近々、2種電気主任免状取得に向けた面談があるので、何か知識をつけておこうという試み。

日本電機工業会(JEMA)が公表している資料の中で、避雷器を付けていなかった高圧受電設備のVTが落雷のサージ電圧で故障したという事例を読んで、うちの受変電設備にあるEVTが故障したらどうなるのか考えていた。

うちの6.6kV配電系統には保護継電器として東芝製マルチリレーMCR27またはMCR28(世代が違うだけで機能的にはほぼ同じ)を使っている。母線保護はOC, UV, OV, OVG、フィーダー保護はOC, DGで行っている。EVTには二次回路の3相(V1, V2, V3)と三次回路(V0)それぞれにサーキットプロテクタ(CP)が付いている。もしEVT二次側に過電流が流れれば、CPが切れることになる。マルチリレーには汎用入力接点の機能として「CP切状態入力」があり、CPの故障出力と結線することでマルチリレーでCP OFFを検出できるようになっている。

マルチリレーにCP切状態が入力されたときの動作は、取説によれば「異常出力します(SYS ERR, 汎用出力)。また、V1, V2, V3相のいずれか2相以上、もしくはVN相のCP OFF時にUV保護をロックします。」とある。UVはVT二次回路の3相全ての電圧が条件を満たしたときに動作するので、CPが3相同時に飛んだら動作時間次第でUVが先に動作する可能性があるが、1相でも生き残っていればUV動作がロックされることになる。

マルチリレーの異常出力がONになると開閉器ONロックがかかるため、遮断器を一度切ると異常が復旧するまで再投入できないということになる。UV動作ロックや異常出力信号がどう作用するかは盤のシーケンス図やフロー図を確認する必要がある。UVは主に高圧連系する非常用発電機の起動条件や負荷機器の異常動作防止用で遮断器トリップに使われる。異常信号出力はフロー図を見たところではフィーダー盤の軽故障一括警報として使われるだけのようだ。

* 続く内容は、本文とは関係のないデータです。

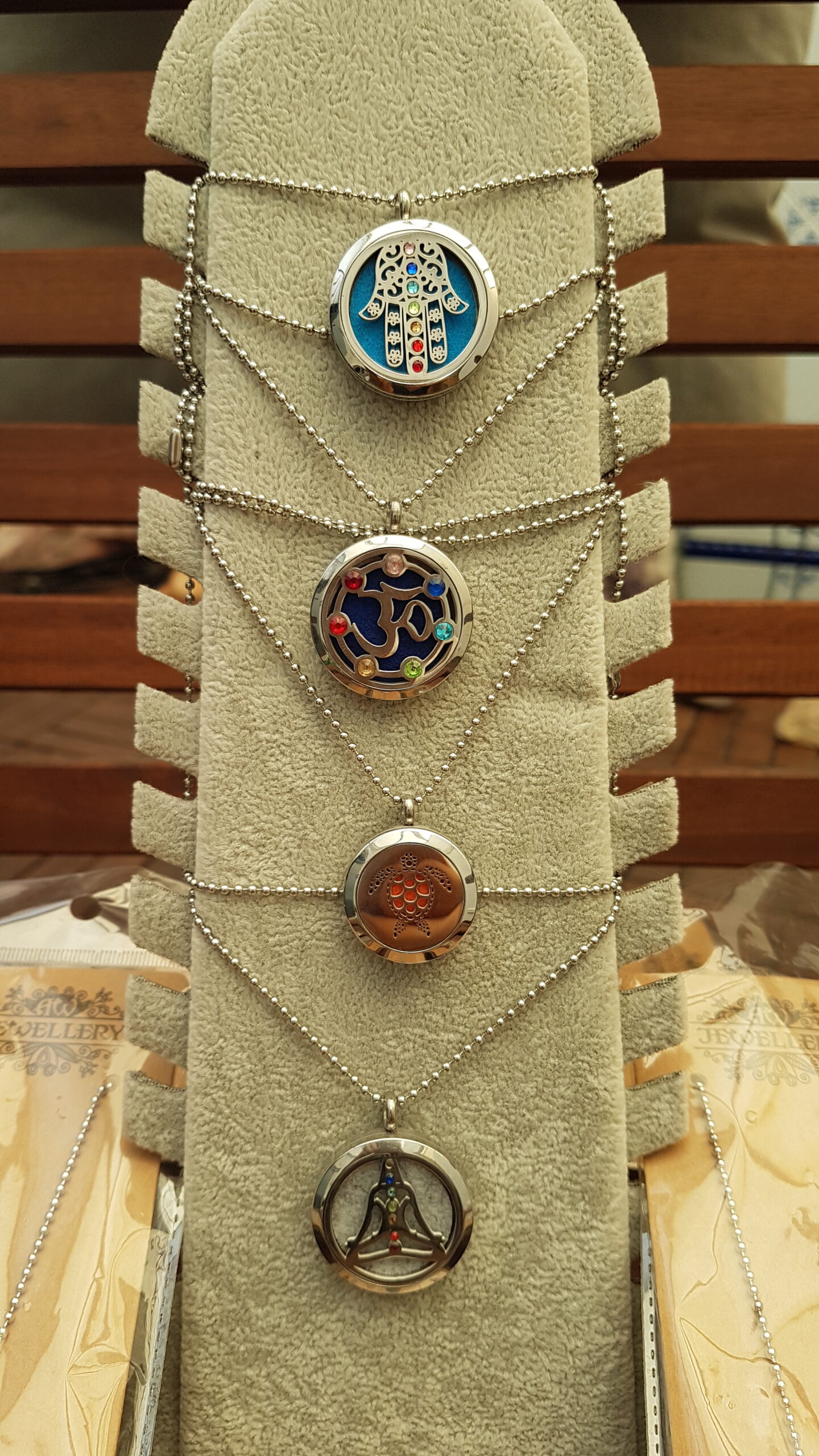 Lote Collares y Pulsera de Aromaterapia - Imagen 3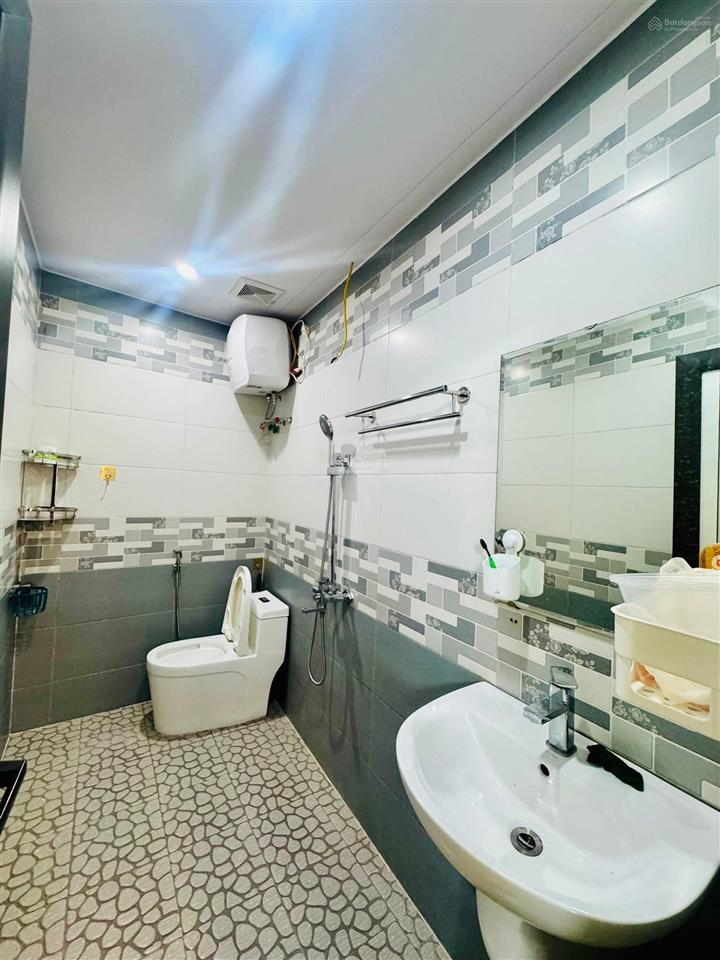 Có 1 0 2! lô góc ngọc khánh, nhà đẹp ở luôn, ngõ 3 gác thông, vài chục m ra phố, tặng nt, 39m2*5t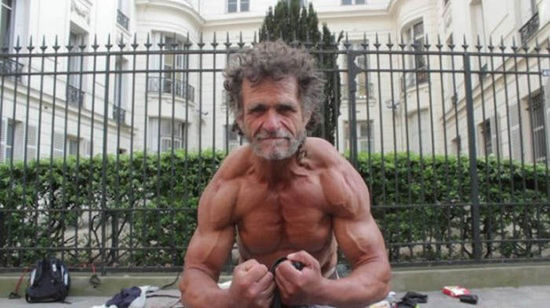 巴黎50歲流浪漢薩亞戈·雅克擁有一身壯碩的肌肉。（網(wǎng)頁(yè)截圖）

EVT三次回路のV0要素はOVGやDG動作に使われるが、EVT三次には地絡が発生したときしか電圧が生じないため、V0のCPが飛んだときには既にOVGやDGが動作しているはず。先と同じく開閉器ONロックによって遮断器の再投入はできない。

以上から結論としては、EVTの二次回路が短絡または断線した場合、母線電圧を計測できなくなり、UV不動作のため停電しても非常用発電機が起動しない恐れがある。三次回路が短絡または断線した場合、地絡継電器が動作しない恐れがある。まあ、ちゃんと年次点検で手入れしていれば、EVTが故障することはヒューマンエラーか小動物侵入などの外因がなければよほどない。そういう低可能性のリスクを挙げていったらキリがなく、結局求められるのはその場の即時対応力なのだが、万が一に備えて思考演習の一つとして考えてみるのはありだと思う。